Doctor Daniel Okello has worked for Angal Hospital, in the Northern region of Uganda, for over 6 years. The hospital is situated in a poor and rural area and faces, like many health facilities in the region, a lack of means and under-staffing. Still doctor Okello carries on: "In this hospital we look out for each other, the job satisfaction makes it worth to push through the hard times."

 I’ve been with this hospital for 6 years now. I came here fresh from school because, they urgently needed medical officers. In the beginning I had a hard time adjusting. The place is remote compared to Gulu, the city I’m from, but as soon as you adjust your mind-set, you can handle it.

Most people in this area are living in poverty. Therefore a lot of  diseases are poverty related and could be easily avoided, if not for the lack of recourses people face. You see this for example in perforations of intestines due to bad food patterns when people eat roots or bad herbs. A lot could be prevented given the correct health education. This could truly make a difference.

I try to take the time to teach my patients, teach mothers about basic healthcare for their children. But this takes a lot of time and as a doctor you are often the only one in a ward. Taking 20 to 30 minutes per patient to talk things through isn’t always possible and takes a lot of effort.

Student life
In 2009 I finished my training through an internship in Gulu hospital and went straight to Angal. When you are a medical student it is all about the books and the exams. Doing my internship in a town setting also made it easy. It got me thinking: ‘this doctor thing is rather easy’. But there is much more you need to take into account. I realized the climate, the culture of the people, the working conditions can vary a lot. Overall I think it is important to understand as a trainee that what you learn in class is less than 20% of what you do on the ground.

As a kid I admired doctors. I wanted to become like them, even though I didn’t really understand what they were doing. So when I got older I informed myself on the  profession and decided I wanted to go ahead with my childhood dream. I have never regretted it.

Result-based financing
I like the quality aspect that comes with introducing result-based financing. Before we didn’t always take blood pressure of every patient, we didn’t do a full lab test. Instead we mainly treated patients based on a doctors clinical assessment. Now we fully investigate. This has made a big difference. We now know in advance if people are fit for operation. We spend more time with each patient and have more drugs than before to treat people.

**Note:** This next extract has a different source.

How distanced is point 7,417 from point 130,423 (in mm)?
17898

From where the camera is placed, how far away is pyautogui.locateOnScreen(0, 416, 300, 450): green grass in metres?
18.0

We are happy with the support from BTC but I think we could still benefit from more regular visits of the project team. Result-Based Financing is not an easy system to implement. It really takes a complete mentality shift. Therefore it is good to have close contact with each other.

Challenges
One big challenge remains the lack of qualified staff. We are understaffed and under paid. With more patients coming in due to lower fees, it creates more fatigue with staff.  We are in need of specialized medical doctors and not just generalists. If possible I would love to go back in for training.

Some of our wards are too small. We currently have about 70 beds in the children’s ward, but during busy times almost 200 children stay there. They sleep on the floor to save space. In future, this needs to change.

Working together
What I like about Angal hospital is that regarding of the circumstances we really work together as a team. We look out for each other. Besides this, the job satisfaction makes it worth to push through the hard times. As a final remark I want to say that our lab has recently really improved, which has made our work easier and made us deliver higher quality care.